How I Won My Fights with Joan Rivers
Summary
It wasn’t always easy winning my fights with Joan Rivers.


by SETH EISENBERG
FATHERHOODCHANNEL.COM
More often than not, at least for the past 15 years, I’ve won my fights with Joan Rivers.
Not the flesh and blood Joan Rivers who passed away yesterday at a Manhattan hospital.
She and I never actually fought. Or met.
I’m thinking about the other Joan Rivers; the Joan Rivers that lives inside me.
I don’t think I’m alone knowing there’s a part of me that sometimes begs, bargains, and pleads for a chance to speak with brutal honesty to those whose paths cross our own for a moment or more.
Hal Braff, a New Jersey lawyer and, coincidentally, father of movie star Zach Braff, helped me recognize my own Joan Rivers part 15 years ago with words I remember more often than not.
Guiding a difficult conversation with hopes of helping me and my stepfather work through a simmering dispute, Hal paused our exchange, looked at me in his special way that combined kindness, compassion and authority, and said: “Seth, there are a thousand ways you could have said that. You picked the worst one.”

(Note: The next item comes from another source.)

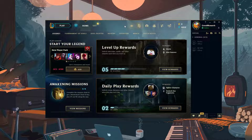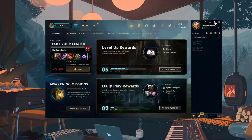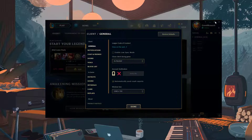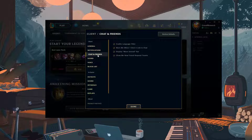Open up the League of Legends client and click on the gear icon in the top right to open settings. In the settings menu on the left side, click on the Chat and Friends tab.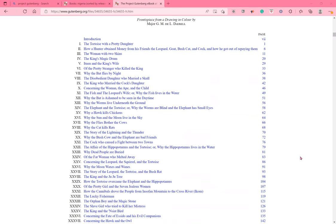Concerning the woman, the ape, and the child. The fish and the leopard's wife, or why the fish lives in the water. Why the bat is ashamed to be seen in the daytime. Why the worms live underneath the ground. The elephant and the tortoise, or why the worms are blind and the elephant has small eyes. Why a hawk kills chickens. Why the sun and the moon live in the sky. Why the flies bother the cows. Why the cat kills rats. The story of the lightning and the thunder. Why the bush cow and the elephant are bad friends. The cock who caused a fight between two towns. The affair of the hippopotamus and the tortoise, or why the hippopotamus lives in the water.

I had spoken to my stepfather in a way that was clear, direct, specific and honest — four out of five qualities of good talking.
What I’d completely missed – what made it clear that was my Joan Rivers’ part talking – was tact.
Since that conversation, I’ve done my best to remember Hal’s words in conversations that matter with people who catch me at moments of stress, fatigue, anger, fear, sadness or other emotions that can block both feelings and expressions of empathy and compassion.
As I learned more about the life of Joan Rivers this past week, a star who was a ubiquitous television presence throughout my life, I better understood the persona of the groundbreaking entertainer and fashion aficionado we could always count on to be clear, specific and direct, often honest, but never tactful.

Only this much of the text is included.